The Instantaneous Velocity Formula gives the exact velocity of an object at a specific instant in time, expressed mathematically as \( v = \lim_{\Delta t \to 0} \frac{\Delta x}{\Delta t} = \frac{dx}{dt} \). This concept is covered in NCERT Class 11 Physics, Chapter 3 (Motion in a Straight Line), and is a foundational topic for CBSE Board exams, JEE Main, and NEET. This article covers the formula derivation, variables, a complete formula sheet, three progressive solved examples, CBSE exam tips for 2025-26, common mistakes, and JEE/NEET applications.
Key Instantaneous Velocity Formulas at a Glance
Quick reference for the most important instantaneous velocity formulas.
- Instantaneous velocity: \( v = \frac{dx}{dt} \)
- Limit definition: \( v = \lim_{\Delta t \to 0} \frac{\Delta x}{\Delta t} \)
- Instantaneous speed: \( |v| = \left|\frac{dx}{dt}\right| \)
- From acceleration: \( v = u + at \) (constant acceleration only)
- Velocity from position function: differentiate \( x(t) \) with respect to \( t \)
- Average velocity: \( \bar{v} = \frac{\Delta x}{\Delta t} = \frac{x_2 – x_1}{t_2 – t_1} \)
- Instantaneous acceleration: \( a = \frac{dv}{dt} = \frac{d^2x}{dt^2} \)
What is the Instantaneous Velocity Formula?
The Instantaneous Velocity Formula defines the velocity of a moving object at a precise moment in time.
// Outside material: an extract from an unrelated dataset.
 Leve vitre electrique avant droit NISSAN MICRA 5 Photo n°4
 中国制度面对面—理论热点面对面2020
Unlike average velocity, which measures displacement over a finite time interval, instantaneous velocity captures the rate of change of position at a single instant. It is the limiting value of average velocity as the time interval approaches zero.
In NCERT Class 11 Physics, Chapter 3 (Motion in a Straight Line), instantaneous velocity is introduced as a key concept in kinematics. The idea bridges the gap between average motion and the exact state of motion at any given point. Conceptually, it is the slope of the position-time (x-t) graph at that instant.
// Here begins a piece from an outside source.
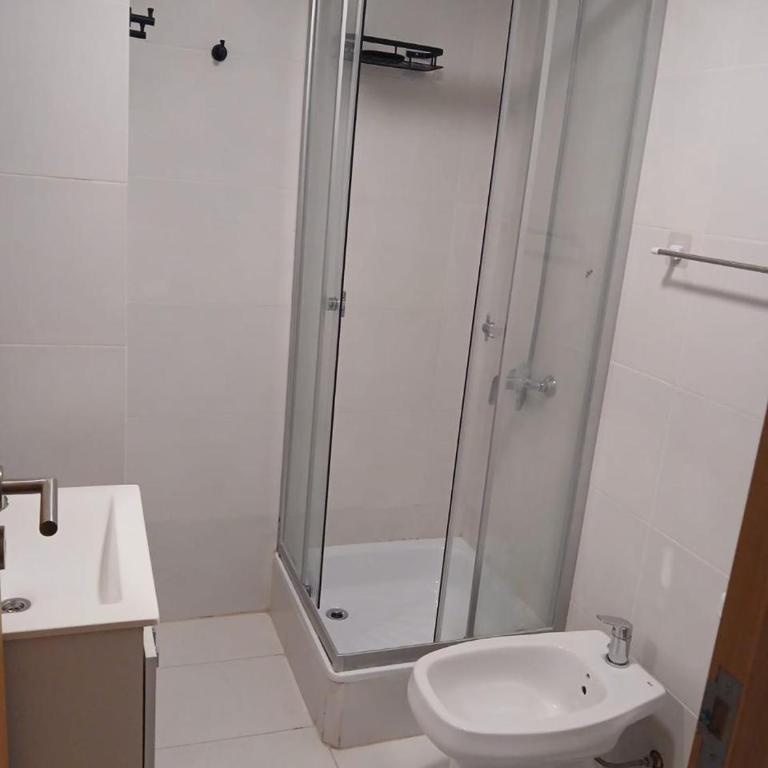 Departamento temporal en la plata 2 - Apartamento de 1 dormitorio - 12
Instantaneous velocity is a vector quantity. It has both magnitude and direction. The magnitude of instantaneous velocity equals instantaneous speed. When an object moves along a curved path, the instantaneous velocity is always tangent to the path at that point. This distinction is critical for both CBSE Board exams and competitive exams like JEE and NEET.
According to the NCERT textbook, instantaneous velocity is formally defined using the concept of a limit from calculus. This makes it one of the first topics where Class 11 students encounter differential calculus applied to physics.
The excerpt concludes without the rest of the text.